Once Marvel jumped prices to $4, I knew the system was just broken, and DC would think they were somehow devaluing their product if they didn't keep up. Curiously, that's not really been the case, and the experiments they floated this year must have set off some serious alarms.
I'm now watching my comics budget a lot more than I have since high school or maybe my first year or so of college when it was comics or food (sometimes comics won that fight). I'm not able to afford a weekly comic shop run, and I go looking for back issues upon fairly rare occasions. I should also add that I'm looking for quality of condition in back-issues these days, too, so that makes the back-issue collecting a bit more expensive, but also more rewarding and fun.*
There was also always the issue that I do bag, board and box comics, and sometimes I'd wind up buying collections so I could get back to those stories without sifting through the dozens of boxes. I'd been particularly bad about that with Green Lantern, and after Blackest Night saw no reason to own floppies of Green Lantern ever again.** DC has done a great job with its collected editions (thanks, Bob Harras!), and that means I'll be just fine reading trades of GL, Flash, etc... from now on. Even Wonder Woman.

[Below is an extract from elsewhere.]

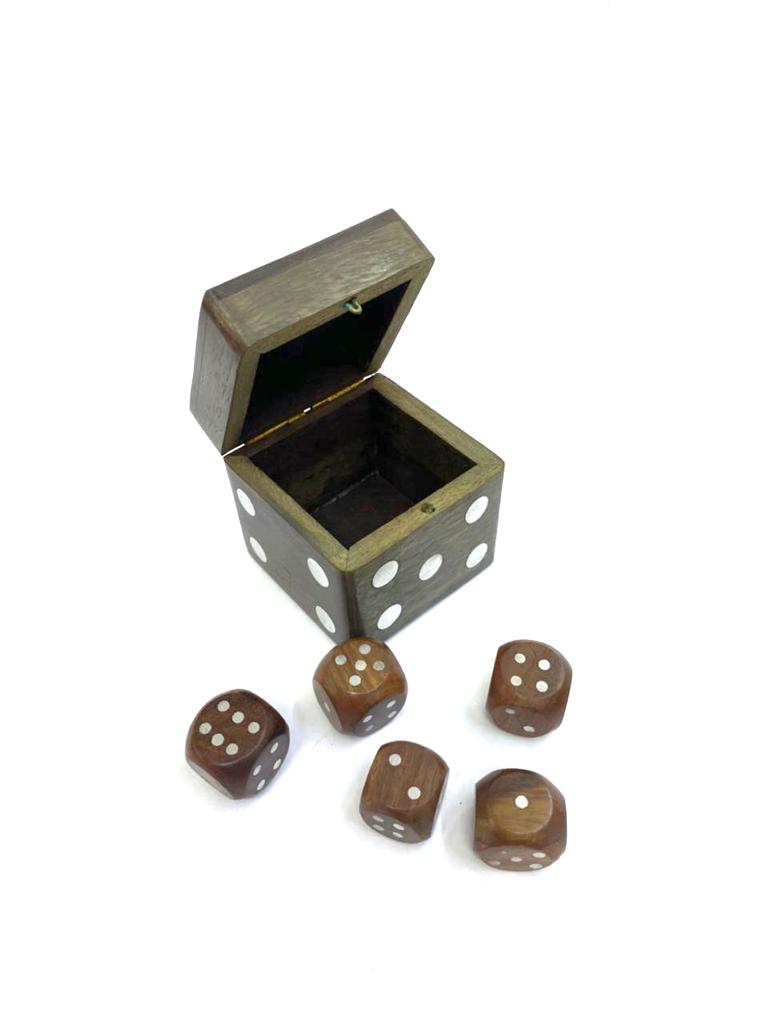 Set Of 5 Dices In Box Wooden Games Playing Handcrafted arts By Tamrapatra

I have reduced my Batman floppies intake to Morrison-penned books, and I have a very hard time seeing myself ever giving up on floppies of Superman. Quitting Batman has been hardest, as my collection reaches back now about 25 years, with major gaps, but... nonetheless. There's a lot of filler out there with Batman titles, and I prefer to just pick up the stuff that's actually driving the character forward, not just moving Bat-product.
I have also obtained a library card and visited the Austin Public Library, which has an okay collection of comics. I'm actually headed back tomorrow to return some comics and look to see what's at my local branch rather than the central library. And there's your civics lesson of the week, Signal Corps. But, seriously, libraries have been doing pretty well of late in the arena of obtaining graphic novels and collections, as well as books about comics. I know I saw several books I'll be picking up over the next few months.
But all in all, I've given up the weekly habit. I do miss Wednesdays at the shop, and trying to read the comics before I read the reviews. My new habit does mean I'm mostly avoiding reviews of newer comics, except to help me decide if I do want to try a collection (but mostly I just ask CanadianSimon what he thinks, anyway).
So that's the comics news.
(quick edit: Here's an article at Newsarama on retailer reaction to the price drop.)
*someday someone is going to wind up with my Superman collection and have no idea what they have on their hands, likely taking it to the garbage dump. And they'll hear my ghost cursing their name.
**Jamie, by the way, has now read just a massive amount of Green Lantern in a very condensed amount of time by reading my collections. Next I plan to put her on Morrison's Batman run to see what happens.
1 comment:
I wished i lived closer so I can just read your comics. The Nashville library does a poor job of getting recent trades into circulation.